▶ TASK STATEMENT
Search the records for the string "Collection", then copy each line that has it.

▶ Extracted data entries
----------------------------------------
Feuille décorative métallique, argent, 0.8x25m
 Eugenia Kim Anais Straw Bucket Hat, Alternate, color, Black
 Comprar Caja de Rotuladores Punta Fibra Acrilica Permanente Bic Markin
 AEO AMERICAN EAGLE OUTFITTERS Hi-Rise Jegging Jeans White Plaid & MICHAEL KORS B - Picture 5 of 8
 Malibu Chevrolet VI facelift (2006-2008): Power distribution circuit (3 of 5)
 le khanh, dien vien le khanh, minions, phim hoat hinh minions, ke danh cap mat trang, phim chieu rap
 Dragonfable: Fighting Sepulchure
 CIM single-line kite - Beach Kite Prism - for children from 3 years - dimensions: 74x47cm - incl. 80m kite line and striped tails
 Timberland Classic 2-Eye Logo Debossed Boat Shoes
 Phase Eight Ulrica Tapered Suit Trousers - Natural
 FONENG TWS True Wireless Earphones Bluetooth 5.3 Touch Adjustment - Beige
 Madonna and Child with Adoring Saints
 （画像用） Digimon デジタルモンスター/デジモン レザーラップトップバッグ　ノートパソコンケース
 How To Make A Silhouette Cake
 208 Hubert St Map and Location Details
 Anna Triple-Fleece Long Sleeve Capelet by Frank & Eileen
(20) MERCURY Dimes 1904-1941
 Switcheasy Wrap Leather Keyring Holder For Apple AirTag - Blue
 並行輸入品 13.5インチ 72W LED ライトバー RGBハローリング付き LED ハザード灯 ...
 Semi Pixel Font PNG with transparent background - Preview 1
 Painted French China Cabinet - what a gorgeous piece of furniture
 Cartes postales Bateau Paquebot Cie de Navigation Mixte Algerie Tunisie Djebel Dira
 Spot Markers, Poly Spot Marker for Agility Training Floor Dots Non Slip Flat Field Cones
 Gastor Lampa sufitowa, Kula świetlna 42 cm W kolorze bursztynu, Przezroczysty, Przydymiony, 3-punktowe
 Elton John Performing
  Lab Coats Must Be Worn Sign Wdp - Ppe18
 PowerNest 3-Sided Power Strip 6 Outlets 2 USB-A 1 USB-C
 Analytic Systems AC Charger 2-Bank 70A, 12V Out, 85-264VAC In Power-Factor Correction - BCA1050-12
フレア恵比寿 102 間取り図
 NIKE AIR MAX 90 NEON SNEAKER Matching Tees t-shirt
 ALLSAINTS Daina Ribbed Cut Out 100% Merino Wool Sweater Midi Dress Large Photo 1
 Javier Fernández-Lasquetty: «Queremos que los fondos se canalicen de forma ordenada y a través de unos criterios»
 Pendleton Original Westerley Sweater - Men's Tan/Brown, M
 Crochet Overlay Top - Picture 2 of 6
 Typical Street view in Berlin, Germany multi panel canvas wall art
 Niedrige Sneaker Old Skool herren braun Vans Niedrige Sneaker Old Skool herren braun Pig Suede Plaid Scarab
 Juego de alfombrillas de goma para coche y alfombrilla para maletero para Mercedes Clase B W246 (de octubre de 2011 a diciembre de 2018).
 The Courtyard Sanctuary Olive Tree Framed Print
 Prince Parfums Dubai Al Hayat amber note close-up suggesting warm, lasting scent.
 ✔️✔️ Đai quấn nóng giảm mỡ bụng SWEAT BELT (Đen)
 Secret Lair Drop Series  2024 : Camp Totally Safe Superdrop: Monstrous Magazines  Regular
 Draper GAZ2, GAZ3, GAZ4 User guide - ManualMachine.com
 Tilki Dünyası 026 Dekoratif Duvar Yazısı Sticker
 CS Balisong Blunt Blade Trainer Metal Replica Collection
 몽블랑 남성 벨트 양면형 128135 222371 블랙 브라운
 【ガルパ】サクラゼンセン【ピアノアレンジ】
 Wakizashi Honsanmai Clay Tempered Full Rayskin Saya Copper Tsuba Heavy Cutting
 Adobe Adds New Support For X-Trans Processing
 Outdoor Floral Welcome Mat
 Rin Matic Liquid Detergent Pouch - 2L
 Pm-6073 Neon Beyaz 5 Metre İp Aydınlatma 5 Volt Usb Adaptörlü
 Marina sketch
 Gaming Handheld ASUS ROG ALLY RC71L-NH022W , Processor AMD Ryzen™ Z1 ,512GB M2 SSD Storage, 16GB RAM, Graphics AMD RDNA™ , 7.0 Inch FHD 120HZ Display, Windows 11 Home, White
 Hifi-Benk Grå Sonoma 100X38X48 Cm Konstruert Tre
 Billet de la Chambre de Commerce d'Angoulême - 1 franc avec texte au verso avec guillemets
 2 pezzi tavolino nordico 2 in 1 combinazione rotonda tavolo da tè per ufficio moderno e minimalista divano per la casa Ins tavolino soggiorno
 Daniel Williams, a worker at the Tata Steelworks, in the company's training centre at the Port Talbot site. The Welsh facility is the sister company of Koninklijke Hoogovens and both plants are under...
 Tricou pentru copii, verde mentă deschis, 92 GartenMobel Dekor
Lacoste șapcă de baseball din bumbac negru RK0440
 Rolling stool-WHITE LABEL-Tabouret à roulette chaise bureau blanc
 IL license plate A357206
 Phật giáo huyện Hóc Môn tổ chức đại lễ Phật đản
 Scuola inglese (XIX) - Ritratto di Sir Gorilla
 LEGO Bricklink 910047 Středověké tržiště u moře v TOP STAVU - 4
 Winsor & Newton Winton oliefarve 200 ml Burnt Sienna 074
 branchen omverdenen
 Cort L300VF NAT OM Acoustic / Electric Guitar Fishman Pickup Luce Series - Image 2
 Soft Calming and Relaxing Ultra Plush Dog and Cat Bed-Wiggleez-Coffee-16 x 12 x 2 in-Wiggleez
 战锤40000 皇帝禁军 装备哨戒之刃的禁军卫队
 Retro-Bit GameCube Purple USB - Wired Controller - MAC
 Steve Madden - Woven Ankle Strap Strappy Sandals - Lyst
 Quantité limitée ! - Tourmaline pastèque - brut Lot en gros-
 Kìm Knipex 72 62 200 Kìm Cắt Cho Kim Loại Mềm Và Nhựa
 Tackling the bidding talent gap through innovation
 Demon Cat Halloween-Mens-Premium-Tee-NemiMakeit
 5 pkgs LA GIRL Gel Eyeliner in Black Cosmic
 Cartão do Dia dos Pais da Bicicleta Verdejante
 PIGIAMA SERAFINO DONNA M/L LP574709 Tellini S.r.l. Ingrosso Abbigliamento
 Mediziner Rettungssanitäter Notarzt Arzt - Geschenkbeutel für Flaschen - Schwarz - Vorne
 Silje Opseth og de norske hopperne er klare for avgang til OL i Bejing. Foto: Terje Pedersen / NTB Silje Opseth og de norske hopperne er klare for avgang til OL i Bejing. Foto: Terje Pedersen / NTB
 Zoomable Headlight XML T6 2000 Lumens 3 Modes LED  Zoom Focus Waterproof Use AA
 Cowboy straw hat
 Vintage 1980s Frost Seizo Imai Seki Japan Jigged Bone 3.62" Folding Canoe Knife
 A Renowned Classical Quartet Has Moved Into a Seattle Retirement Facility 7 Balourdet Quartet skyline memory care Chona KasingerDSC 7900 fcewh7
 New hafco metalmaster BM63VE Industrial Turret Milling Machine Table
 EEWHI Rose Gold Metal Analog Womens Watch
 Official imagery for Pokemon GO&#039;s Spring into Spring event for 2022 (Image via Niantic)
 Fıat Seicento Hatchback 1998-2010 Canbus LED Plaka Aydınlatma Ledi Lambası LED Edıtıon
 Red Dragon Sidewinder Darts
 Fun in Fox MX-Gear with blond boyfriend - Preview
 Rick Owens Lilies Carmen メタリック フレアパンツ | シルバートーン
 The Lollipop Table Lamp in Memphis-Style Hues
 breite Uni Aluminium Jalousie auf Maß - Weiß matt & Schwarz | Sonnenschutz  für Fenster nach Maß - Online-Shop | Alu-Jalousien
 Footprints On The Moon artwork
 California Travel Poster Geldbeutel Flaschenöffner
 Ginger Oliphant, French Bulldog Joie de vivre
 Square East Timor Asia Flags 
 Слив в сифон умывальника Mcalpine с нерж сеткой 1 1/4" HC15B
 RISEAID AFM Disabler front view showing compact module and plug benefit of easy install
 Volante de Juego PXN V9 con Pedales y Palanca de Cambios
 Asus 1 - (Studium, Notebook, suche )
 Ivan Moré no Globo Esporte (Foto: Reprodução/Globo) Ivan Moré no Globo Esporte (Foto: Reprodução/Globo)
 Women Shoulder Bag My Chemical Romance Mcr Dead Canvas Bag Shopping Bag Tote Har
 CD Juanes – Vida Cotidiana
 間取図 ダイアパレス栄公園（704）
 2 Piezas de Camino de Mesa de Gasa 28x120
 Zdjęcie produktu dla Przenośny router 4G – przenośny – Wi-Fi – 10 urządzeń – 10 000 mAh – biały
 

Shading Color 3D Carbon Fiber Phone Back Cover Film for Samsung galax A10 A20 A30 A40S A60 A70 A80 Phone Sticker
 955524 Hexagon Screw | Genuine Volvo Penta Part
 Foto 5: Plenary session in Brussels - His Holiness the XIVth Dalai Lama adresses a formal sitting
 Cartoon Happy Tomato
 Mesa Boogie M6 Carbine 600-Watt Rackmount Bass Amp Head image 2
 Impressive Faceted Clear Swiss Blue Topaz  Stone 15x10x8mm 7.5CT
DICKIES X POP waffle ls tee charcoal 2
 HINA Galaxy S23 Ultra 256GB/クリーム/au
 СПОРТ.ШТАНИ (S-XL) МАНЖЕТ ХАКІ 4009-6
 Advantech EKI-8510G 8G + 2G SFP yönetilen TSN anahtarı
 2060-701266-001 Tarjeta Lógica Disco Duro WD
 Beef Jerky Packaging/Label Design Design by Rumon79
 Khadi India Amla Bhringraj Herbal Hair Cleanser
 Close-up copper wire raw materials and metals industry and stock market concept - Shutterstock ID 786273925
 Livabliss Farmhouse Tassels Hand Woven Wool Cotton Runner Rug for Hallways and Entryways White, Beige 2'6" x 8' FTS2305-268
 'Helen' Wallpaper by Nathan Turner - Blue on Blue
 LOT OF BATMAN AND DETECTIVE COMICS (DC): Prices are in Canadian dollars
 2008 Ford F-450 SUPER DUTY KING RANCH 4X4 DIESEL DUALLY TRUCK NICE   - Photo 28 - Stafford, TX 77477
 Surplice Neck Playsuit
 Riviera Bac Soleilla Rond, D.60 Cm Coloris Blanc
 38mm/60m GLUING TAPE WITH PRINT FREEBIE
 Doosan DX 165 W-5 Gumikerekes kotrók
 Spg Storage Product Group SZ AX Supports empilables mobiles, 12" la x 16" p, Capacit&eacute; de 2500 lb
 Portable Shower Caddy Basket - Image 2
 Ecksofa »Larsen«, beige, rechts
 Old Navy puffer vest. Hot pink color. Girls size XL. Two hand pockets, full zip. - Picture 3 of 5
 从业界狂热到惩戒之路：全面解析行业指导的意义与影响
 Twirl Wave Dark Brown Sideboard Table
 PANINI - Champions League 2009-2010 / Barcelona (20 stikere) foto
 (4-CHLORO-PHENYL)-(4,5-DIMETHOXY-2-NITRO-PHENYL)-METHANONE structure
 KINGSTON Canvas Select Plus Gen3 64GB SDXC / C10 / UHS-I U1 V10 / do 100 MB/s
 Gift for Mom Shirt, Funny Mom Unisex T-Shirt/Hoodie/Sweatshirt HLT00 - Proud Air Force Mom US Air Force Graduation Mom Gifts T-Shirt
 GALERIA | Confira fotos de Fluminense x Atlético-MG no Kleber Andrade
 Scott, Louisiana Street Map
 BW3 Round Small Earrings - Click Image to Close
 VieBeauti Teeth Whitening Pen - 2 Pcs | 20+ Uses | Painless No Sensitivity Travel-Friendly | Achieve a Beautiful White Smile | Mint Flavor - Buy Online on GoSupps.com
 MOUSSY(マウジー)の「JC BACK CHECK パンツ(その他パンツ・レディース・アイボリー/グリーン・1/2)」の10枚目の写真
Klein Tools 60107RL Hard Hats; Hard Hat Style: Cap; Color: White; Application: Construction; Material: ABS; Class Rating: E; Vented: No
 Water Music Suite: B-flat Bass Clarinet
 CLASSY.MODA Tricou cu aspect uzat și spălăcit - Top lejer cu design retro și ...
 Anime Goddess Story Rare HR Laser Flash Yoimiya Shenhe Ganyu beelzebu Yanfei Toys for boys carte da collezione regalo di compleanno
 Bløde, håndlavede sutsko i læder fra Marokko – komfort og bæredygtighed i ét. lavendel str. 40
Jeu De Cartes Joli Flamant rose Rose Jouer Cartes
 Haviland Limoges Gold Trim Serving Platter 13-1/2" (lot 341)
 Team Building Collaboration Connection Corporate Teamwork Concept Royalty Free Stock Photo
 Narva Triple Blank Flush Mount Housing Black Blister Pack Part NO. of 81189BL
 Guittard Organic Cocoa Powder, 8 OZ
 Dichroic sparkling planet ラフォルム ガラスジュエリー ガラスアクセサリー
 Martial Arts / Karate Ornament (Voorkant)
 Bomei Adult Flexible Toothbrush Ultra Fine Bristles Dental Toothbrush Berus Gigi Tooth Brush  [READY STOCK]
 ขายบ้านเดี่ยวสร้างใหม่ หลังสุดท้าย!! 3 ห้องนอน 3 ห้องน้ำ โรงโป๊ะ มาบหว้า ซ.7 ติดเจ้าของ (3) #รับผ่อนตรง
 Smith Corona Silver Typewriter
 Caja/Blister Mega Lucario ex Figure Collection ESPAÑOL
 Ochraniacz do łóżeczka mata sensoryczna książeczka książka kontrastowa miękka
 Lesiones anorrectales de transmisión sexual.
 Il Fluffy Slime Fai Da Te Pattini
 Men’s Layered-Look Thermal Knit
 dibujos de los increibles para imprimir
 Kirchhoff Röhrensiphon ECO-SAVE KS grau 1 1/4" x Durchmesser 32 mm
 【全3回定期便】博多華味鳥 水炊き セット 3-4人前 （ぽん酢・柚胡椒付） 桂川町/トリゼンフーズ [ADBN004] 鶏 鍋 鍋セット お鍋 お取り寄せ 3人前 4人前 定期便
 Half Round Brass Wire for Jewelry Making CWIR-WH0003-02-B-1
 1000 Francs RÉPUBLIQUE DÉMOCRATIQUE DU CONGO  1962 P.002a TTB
----------------------------------------
▶ REPLY
 CS Balisong Blunt Blade Trainer Metal Replica Collection
 Caja/Blister Mega Lucario ex Figure Collection ESPAÑOL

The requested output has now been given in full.